ROCA Test® For Early Detection of Ovarian Cancer Is Now Available In Quad Cities
Women in the Quad Cities now have access to one of the most advanced tools for early detection of ovarian cancer.
Abcodia, a clinical stage company developing novel tests for the early detection of cancer, has announced the availability of the ROCA Test® for use in 43 states, including Illinois and Iowa.
The ROCA Test® uses a number of clinical variables such as age, menopausal status and serial blood measurements of biomarker protein, CA-125, to assess the likelihood that a woman has ovarian cancer. The ROCA Test® is the first step in a multimodal assessment for ovarian cancer and can be used to help physicians assess whether a woman should undergo additional testing, including transvaginal ultrasound scan of the ovaries.
The ROCA Test® is intended for post-menopausal women ages 50 to 85 with no known ovarian cancer risk factors. The test can also be used with women 35 to 85 who are considered to be at high risk of ovarian cancer because of family history of ovarian or breast cancer, or a mutation in specific genes such as BRCA1 and BRCA2 or Lynch Syndrome genes.
In a 15-year clinical trial involving 50,640 post-menopausal women, the ROCA Test® accurately detected 85.8% of ovarian cancers by comparing a patient’s blood marker profile to known profiles of women with and without ovarian cancer.
“This is an important advancement for earlier diagnosis of ovarian cancer, which often is only detected when the cancer has already advanced to a later stage,’’ said Jodie Kavensky, founder and CEO of the NormaLeah Ovarian Cancer Initiative, a Quad-Cities advocate for improved screening and detection of ovarian cancer.
“This test was introduced in December 2015 and we are fortunate in Illinois and Iowa, and now throughout the Quad Cities, to have access to the ROCA Test®.’’

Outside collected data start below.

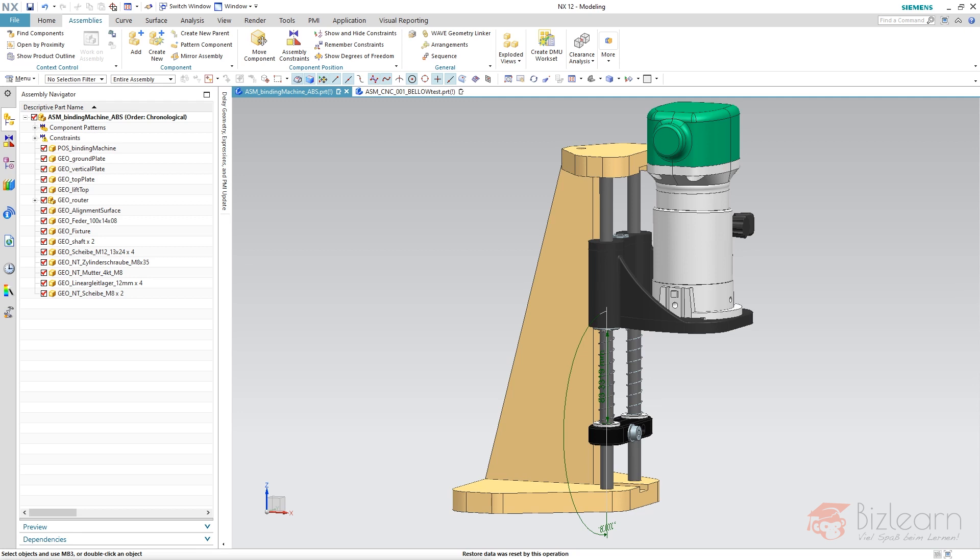Hey guys, how are you doing? It's Simon from Bizlearn. Welcome to a brand new video tutorial of my series NX CAD Secrets. Today I want to talk about deformable parts in terms of what kind of problems we have when assembling them and how to avoid them.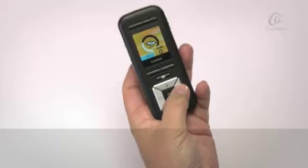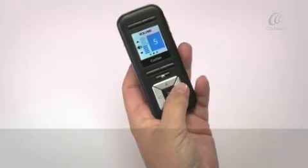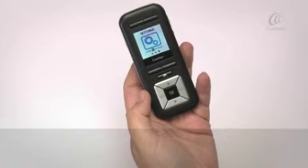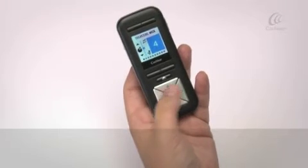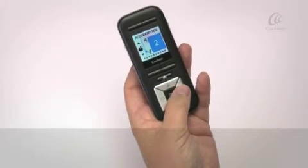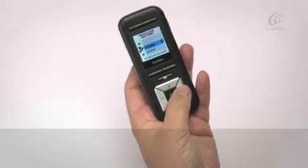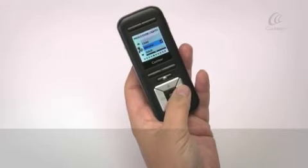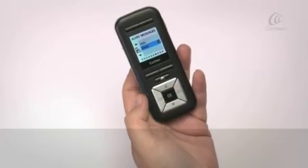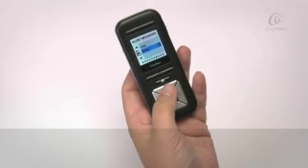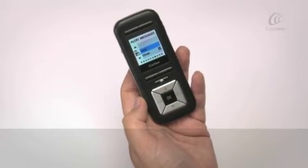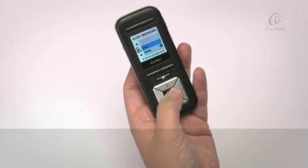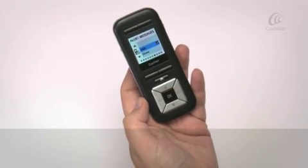Go to the settings screen and press the OK button. Press the right arrow button to navigate to the alert messages screen. Press the up or down arrow button to highlight hide or show. Press the OK button to select.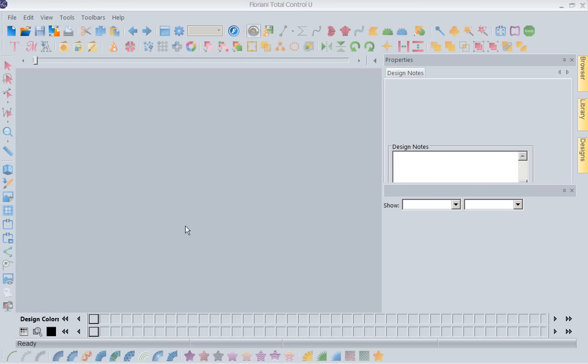Hi, this is Kathy Quinn with Floriani. Floriani is a division of RNK Distributing and I want to welcome you to this week's project of the week.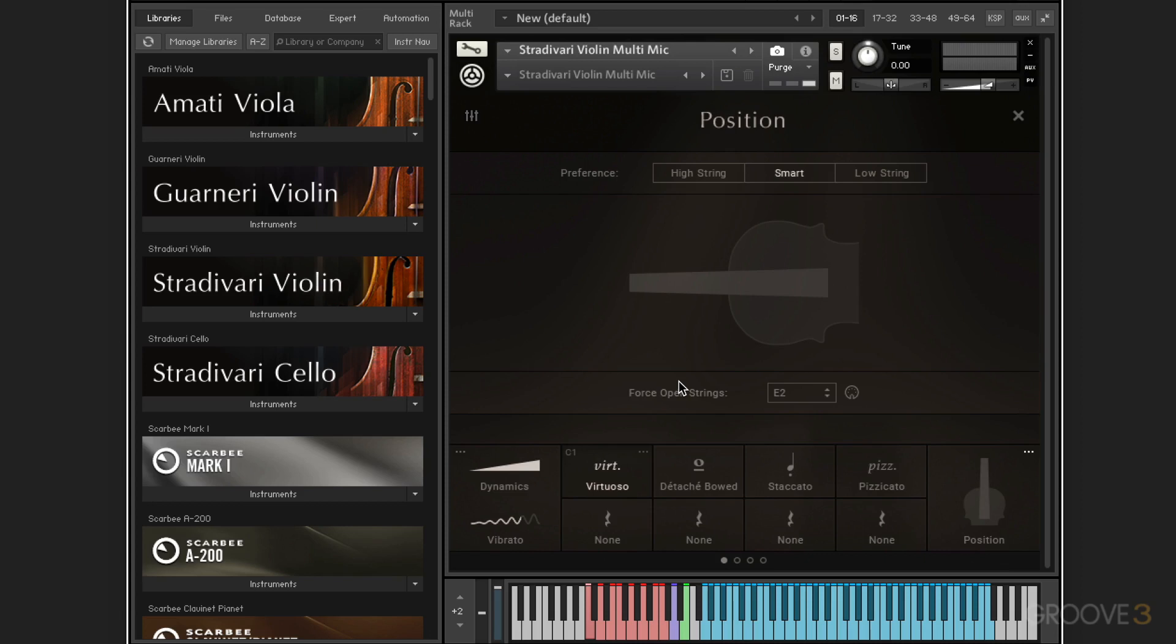But we also have smart position, which intelligently selects the closest fingerboard position to the other notes that are played the way a real violinist would. So it looks after the fingering and the string selection for us if we want, and we can force strings here via MIDI key switch notes. So we can determine if we want to ensure a specific string is used at a specific note and so on.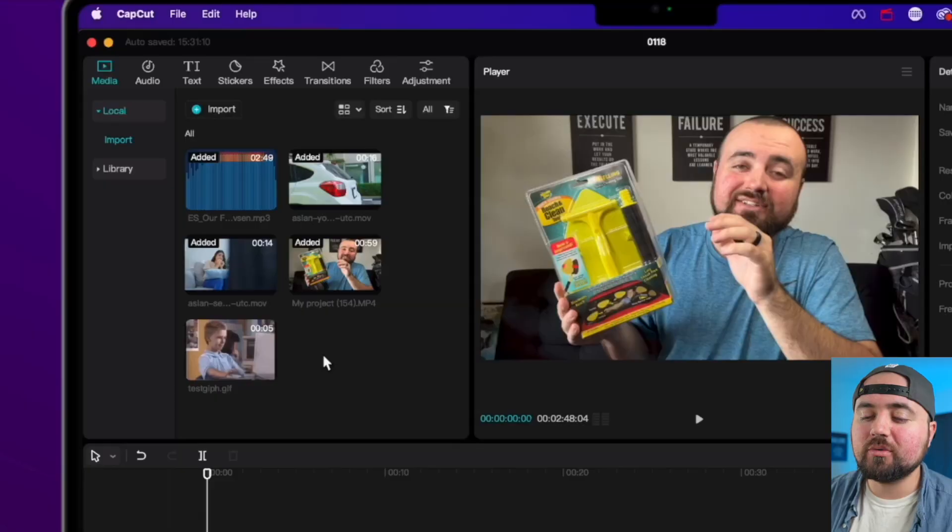CapCut for mobile looks completely different than CapCut for PC. So in this video, I'll be showing you the best editing tips for CapCut users on PC and Mac. Tip number one, I'm going to show you how to add captions.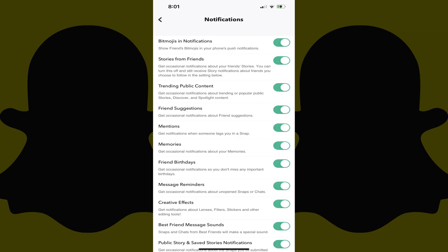The Notifications screen is shown. Step 4: Find Friend Suggestions on this screen, and then tap to toggle off Friend Suggestions. You'll no longer receive random notifications letting you know certain individuals you may know are on Snapchat.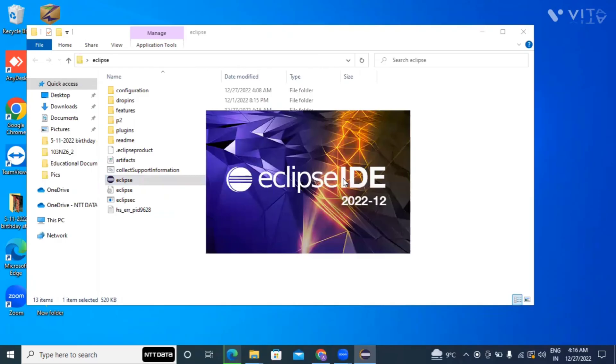So now our Eclipse is opening, it will take some time.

Cost of the test for normal risk patients is $295 once each year. For high risk patients, three tests per year are recommended at a cost of $885. The test is not currently covered by Medicare or other federal healthcare programs, or by any commercial insurance company. The cost of the test is the patient's responsibility. A physician order is necessary to order the test.
Each year, about 22,000 women in the United States receive a diagnosis of ovarian cancer. Among women in the United States, ovarian cancer is the eighth most common cancer and the fifth-leading cause of cancer death, after lung and bronchus, breast, colorectal, and pancreatic cancers. Ovarian cancer causes more deaths than any other cancer of the female reproductive system, but it accounts for only about 3% of all cancers in women. The survival rate past five years is currently less than 50%. When ovarian cancer is found in its early stages, treatment is most effective and the survival rate soars.
ABOUT NORMALEAH FOUNDATION OVARIAN CANCER INITIATIVE:
The NormaLeah Ovarian Cancer Foundation is a 501(c) 3 organization established to create public awareness, promote early detection, and support research for ovarian cancer. The ultimate goal is to have ovarian cancer screening become a routine part of a woman’s annual gynecological exam. The foundation honors the memory of two sisters, Norma Yecies Shagrin (May 21, 1935 – June 1, 2008) and Leah Yecies Hantman (July 25, 1931 – August 21, 1998) whose lives were cut short by this deadly disease.